Was mich an The Woman in the Rumour von der ersten Minute an fesselte, war die unglaubliche Präsenz von Kinuyo Tanaka, die ich bisher vor allem aus Filmen wie Das Leben der Frau Oharu, Die Mutter oder Equinox Flower kannte, in denen sie typischerweise still leidende, passive Frauenrollen gegeben hatte. Hier dagegen ist sie als eine unabhängige, quirlige, vor Leben und Aktivität geradezu übersprudelnde Geschäftsfrau kaum wiederzuerkennen. Erst im Laufe des Films, mit der aufkeimenden Verzweiflung, kommt die von ihren anderen Rollen bekannte Leidensfähigkeit hervor, die hier aber mit großem Widerstandswillen verbunden ist und sich keineswegs auf eine passiv-leidende Rolle beschränkt.

Dennoch ist unübersehbar, dass sie und ihre Tochter Yukiko nach und nach die Rollen tauschen: Yukiko steht anfangs noch ganz unter dem Eindruck ihres Selbstmordversuchs, sondert sich ab, zeigt offen ihre Verachtung für das Geschäft des Hauses und dessen Bewohnerinnen.

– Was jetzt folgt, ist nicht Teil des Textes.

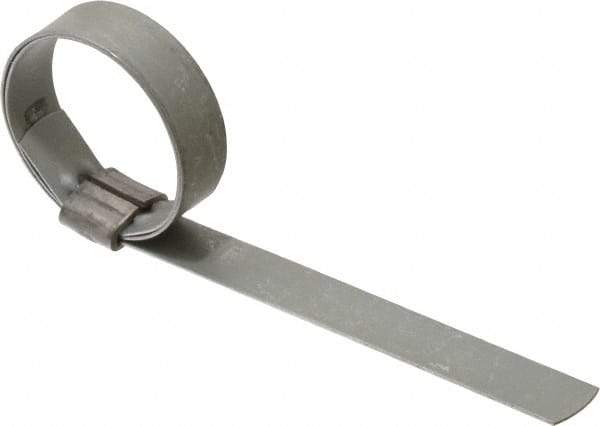 IDEAL TRIDON - 1-1/4" ID Galvanized Steel Preformed J-Type Clamp - 1/2" Wide, 0.03" Thick - All Tool & Supply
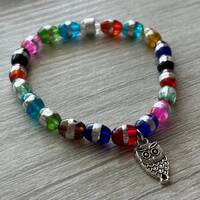 Glass Bead Elastic Owl Charm Bracelet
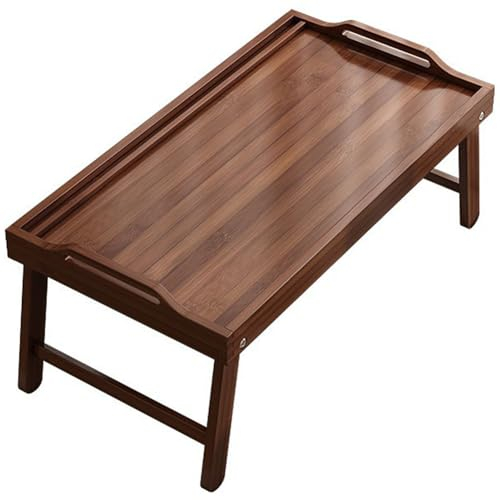 Mesa Plegable Soporte Portatil Mesa, Bandeja para Cama de Bambú, Mesa Desayuno con Patas Plegables, Mesa de Estudio, para Trabajar, Leer o Comer en la Cama (Brown,50x30x24cm)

Auch den aufrecht besorgten Matoba hält sie zunächst auf Distanz und isoliert sich bewusst.

Eine schwere Erkrankung bei einer der „Geishas“ um die sie sich rührend kümmert, bricht dann jedoch das Eis, ihre Stimmung hellt sich merklich auf, sie öffnet sich für andere Menschen und nicht zuletzt für Matoba, wodurch sie unbewusst bei ihrer Mutter eine genau gegenteilige Entwicklung in Gang setzt.

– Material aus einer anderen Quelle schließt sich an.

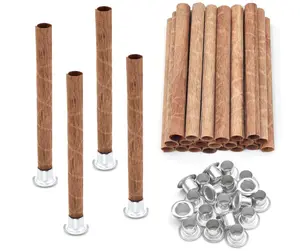 20 Set Wood Spiral Candle Wicks 4x0.32inch  100x8mm, Wood Wick Tube with Iron Stands for Candle Making, Natural Round Wooden Wick Core Handmade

Manifestationspunkt dieses Rollentauschs ist der gemeinsame Besuch eines Noh-Stücks, in dem eine alte Frau veralbert wird, die sich in einen jungen Mann verliebt hat. Während Yukiko und Matoba sich köstlich amüsieren, erkennt Hatsuko natürlich die Parallelität und zieht sich verwirrt und niedergeschlagen allein zurück. Erst als der Auslöser und Angelpunkt dieser Entwicklung, die Unaufrichtigkeit und Heuchelei des Arztes Matoba, den beiden Frauen klar wird, Yukiko mit einer Schere auf ihn losgeht und dadurch das Konkurrenzverhältnis hinfällig wird, ergibt sich wieder ein emotionales Gleichgewicht.

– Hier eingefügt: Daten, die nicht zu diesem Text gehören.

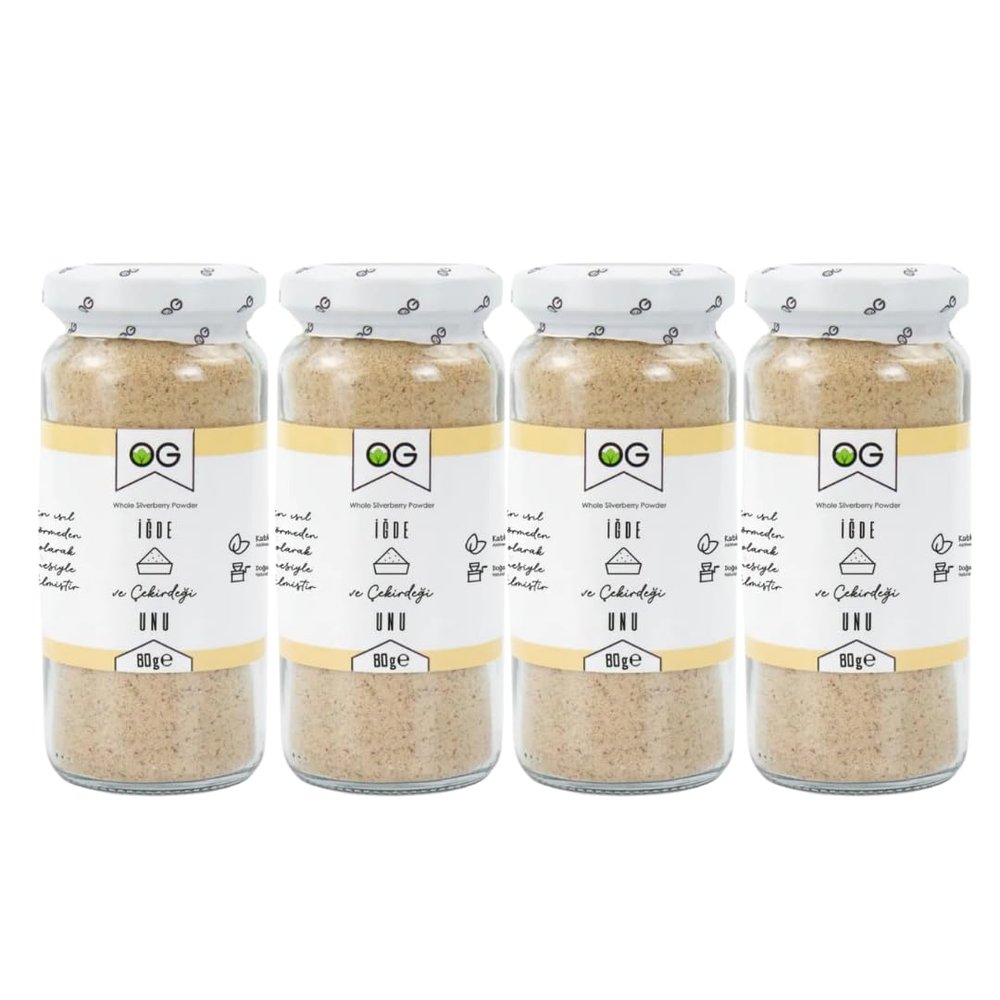 Natural Oleaster and Oleaster Seed Powder - Organic - 80 Gr, PACK OF 4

The Woman in the Rumour, ein Jahr nach Gion Bayashi und zwei vor Street of Shame (Mizoguchis letzter Film) entstanden, stellt in mancher Hinsicht so etwas wie das verbindende Glied zwischen diesen beiden Filmen dar. Alle drei beschäftigen sich mit den Lebensverhältnissen von Geishas und dem schmalen Grad zur Prostitution, wobei Gion Bayashi sich noch am stärksten mit dem klassischen Ideal auseinandersetzt, das bei Woman in the Rumour nur noch Fassade ist und in Street of Shame völlig abhanden gekommen ist.

Auch wenn Yukiko – und damit ein Stück weit auch wir als Zuschauer – ihre Abneigung gegen die menschenverachtende Ausbeutung der Frauen hinter sich lässt, ruft Mizoguchi ähnlich wie in den beiden anderen erwähnten Filmen mittels eines jungen Mädchens, das aus materieller Not in die Prostitution gerät, den wahren Charakter am Ende wieder in Erinnerung. Mit Mizoguchis vorherigen Meisterwerken kann The Woman in the Rumour zwar nicht mithalten, aber er ist ein sehr typischer Mizoguchi und allemal sehenswert, gerade im Kontext mit seinen anderen Geisha-Filmen.